Problem requirements:
In the listing below, locate the line with "Schoolbag Backpack Women's" and the line with "She&apos;s SHAKING Nervous", then output both and everything between them exactly, minus any pictures.

Data for the task:
____
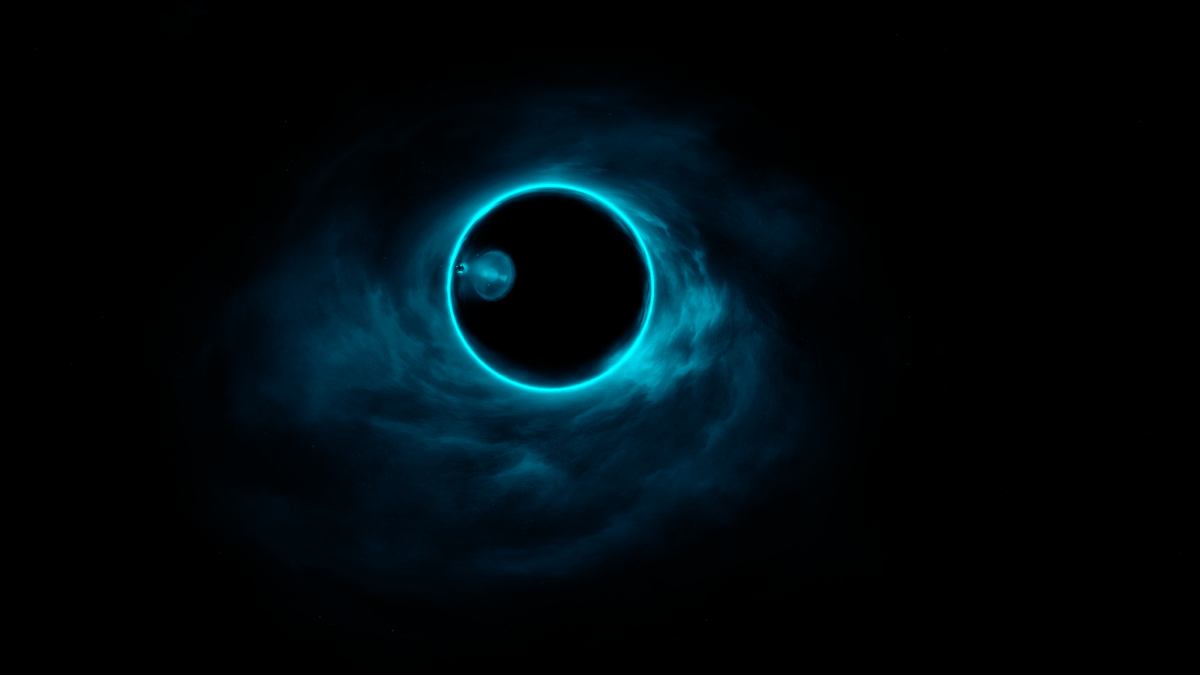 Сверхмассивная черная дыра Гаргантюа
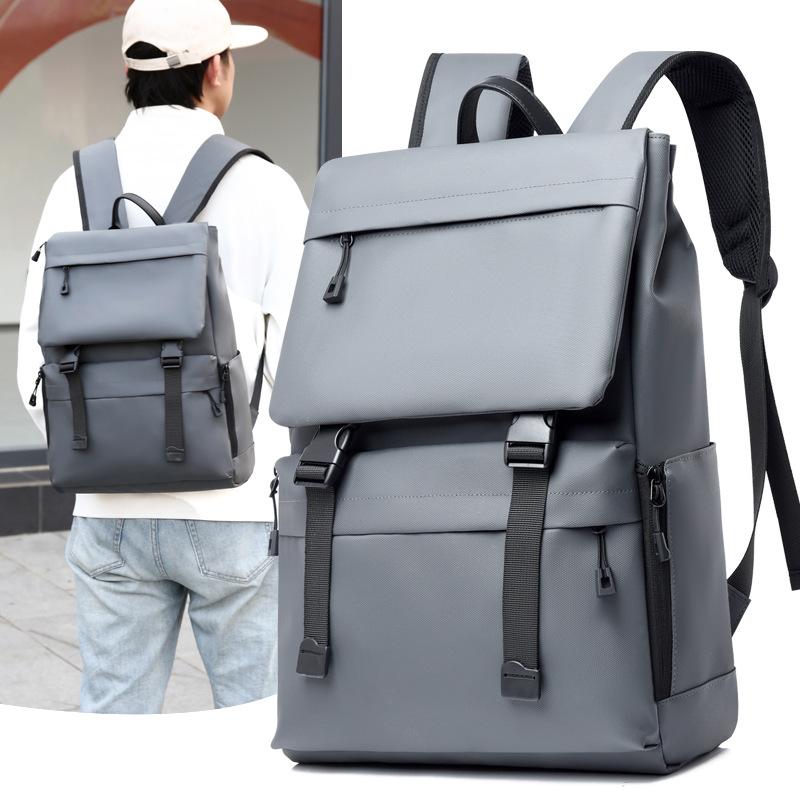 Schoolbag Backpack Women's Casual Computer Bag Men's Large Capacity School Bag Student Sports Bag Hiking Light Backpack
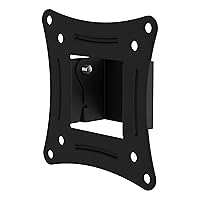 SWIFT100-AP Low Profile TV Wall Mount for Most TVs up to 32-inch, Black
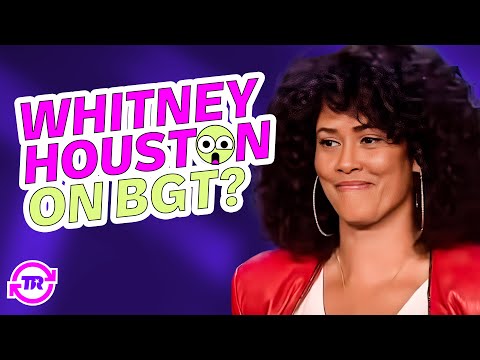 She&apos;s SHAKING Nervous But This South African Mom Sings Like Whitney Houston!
____
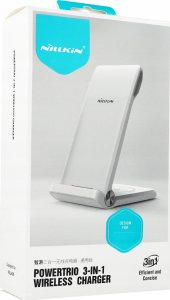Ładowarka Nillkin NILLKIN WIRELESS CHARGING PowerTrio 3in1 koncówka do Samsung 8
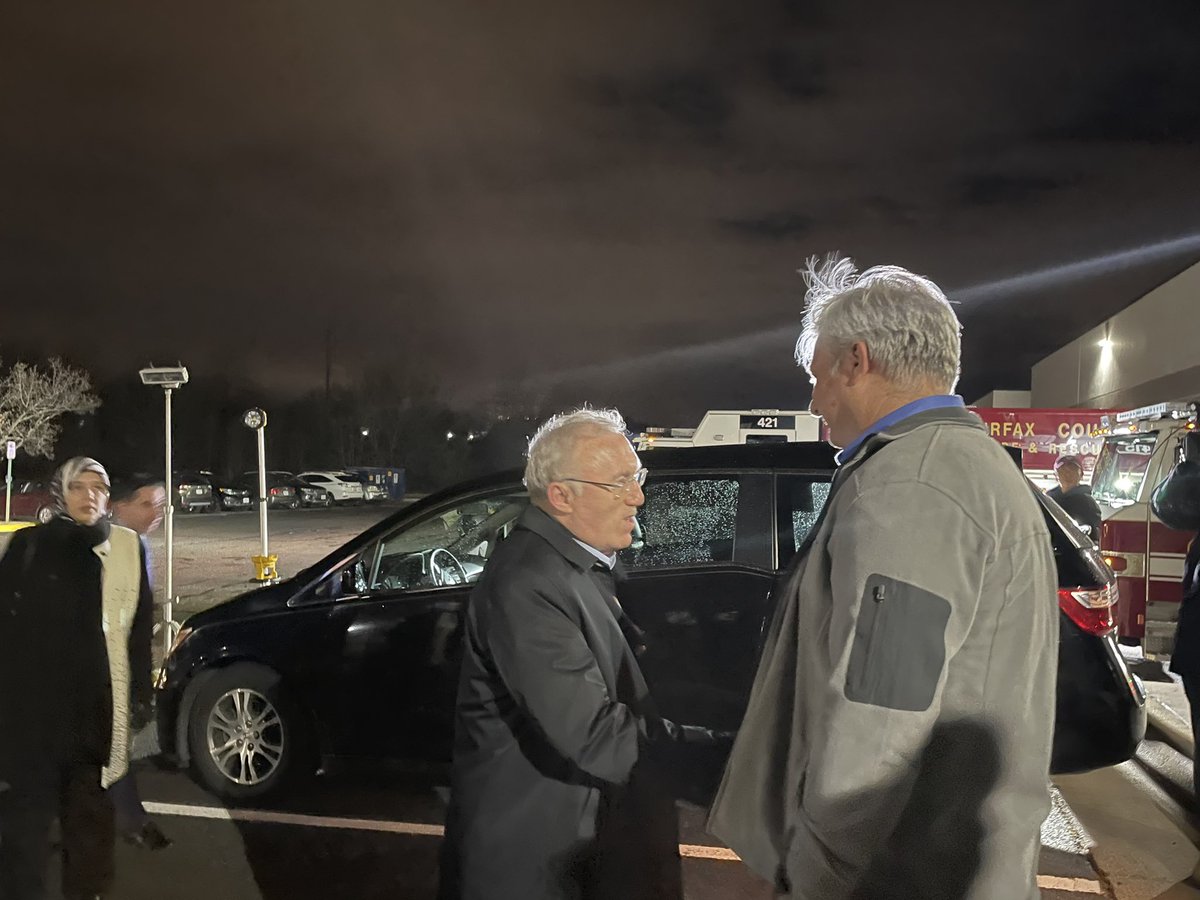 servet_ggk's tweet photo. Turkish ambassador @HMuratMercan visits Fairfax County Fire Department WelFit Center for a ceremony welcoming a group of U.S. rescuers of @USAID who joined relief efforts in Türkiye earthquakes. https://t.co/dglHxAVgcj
____
Response to this task:
 Schoolbag Backpack Women's Casual Computer Bag Men's Large Capacity School Bag Student Sports Bag Hiking Light Backpack
 SWIFT100-AP Low Profile TV Wall Mount for Most TVs up to 32-inch, Black
 She&apos;s SHAKING Nervous But This South African Mom Sings Like Whitney Houston!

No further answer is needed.